**What to work on:** Starting at the line with "WD RED 2 TB" and ending at the line with "Made In USA", print exactly the lines of the entries below. Pictures do not belong in the copy.

** Opening Data for this task block **

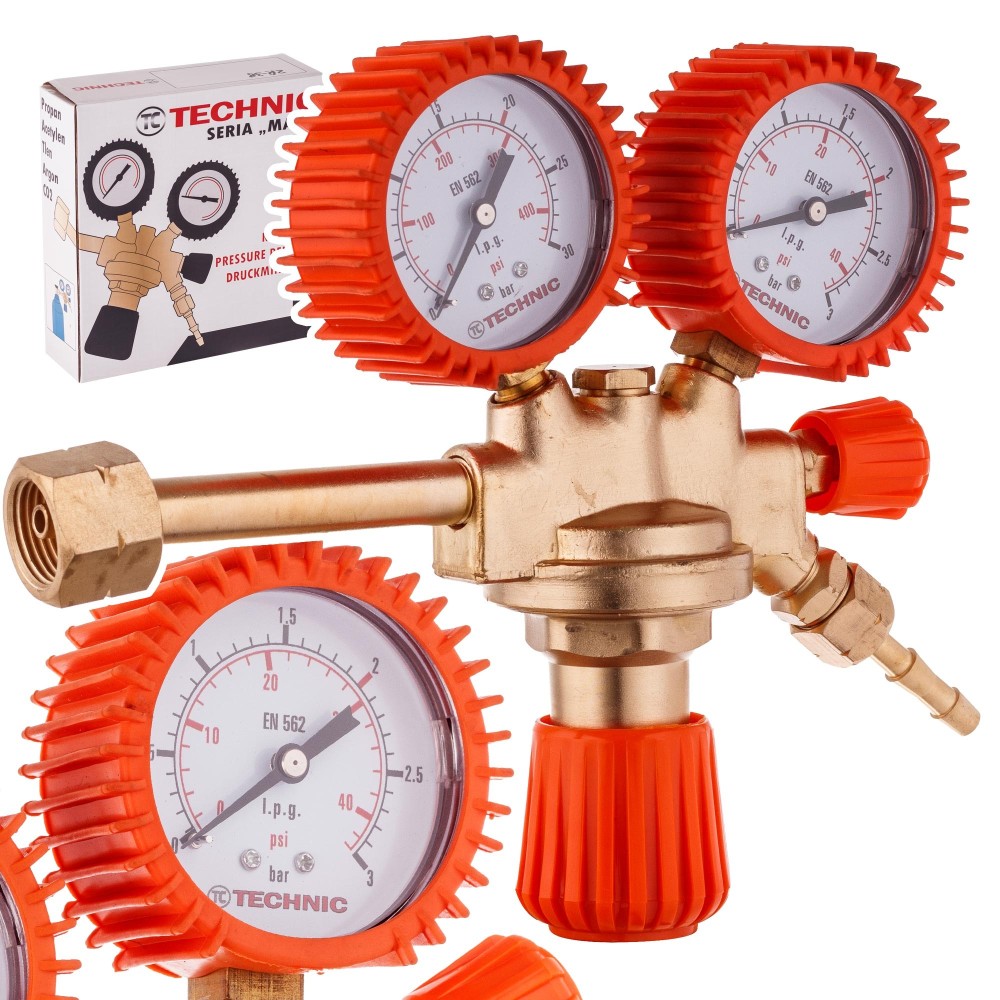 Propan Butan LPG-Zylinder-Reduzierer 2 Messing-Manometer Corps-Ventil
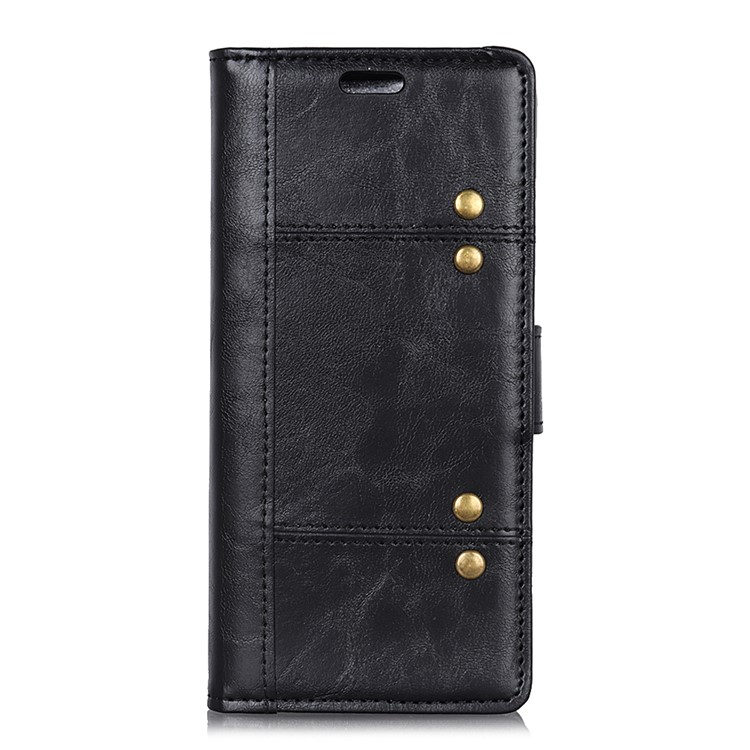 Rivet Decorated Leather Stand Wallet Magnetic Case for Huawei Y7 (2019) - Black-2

** Closing Data for this task block **
** Opening Data for this task block **

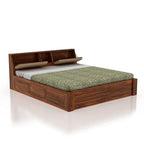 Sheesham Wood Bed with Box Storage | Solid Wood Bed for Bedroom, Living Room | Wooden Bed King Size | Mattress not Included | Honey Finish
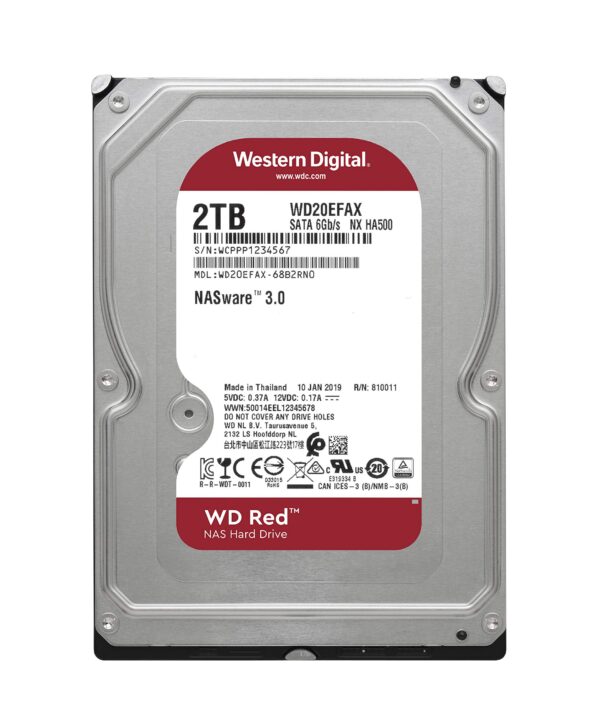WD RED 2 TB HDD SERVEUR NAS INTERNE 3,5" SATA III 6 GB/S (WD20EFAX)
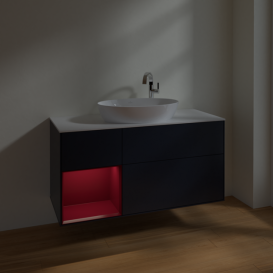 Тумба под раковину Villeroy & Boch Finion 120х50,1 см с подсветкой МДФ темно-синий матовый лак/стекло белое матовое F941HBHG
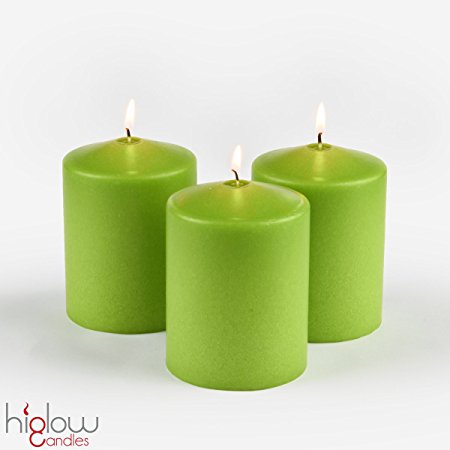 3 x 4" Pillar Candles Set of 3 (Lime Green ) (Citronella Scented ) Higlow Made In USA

** Closing Data for this task block **

**Answer space:**
WD RED 2 TB HDD SERVEUR NAS INTERNE 3,5" SATA III 6 GB/S (WD20EFAX)
 Тумба под раковину Villeroy & Boch Finion 120х50,1 см с подсветкой МДФ темно-синий матовый лак/стекло белое матовое F941HBHG
 3 x 4" Pillar Candles Set of 3 (Lime Green ) (Citronella Scented ) Higlow Made In USA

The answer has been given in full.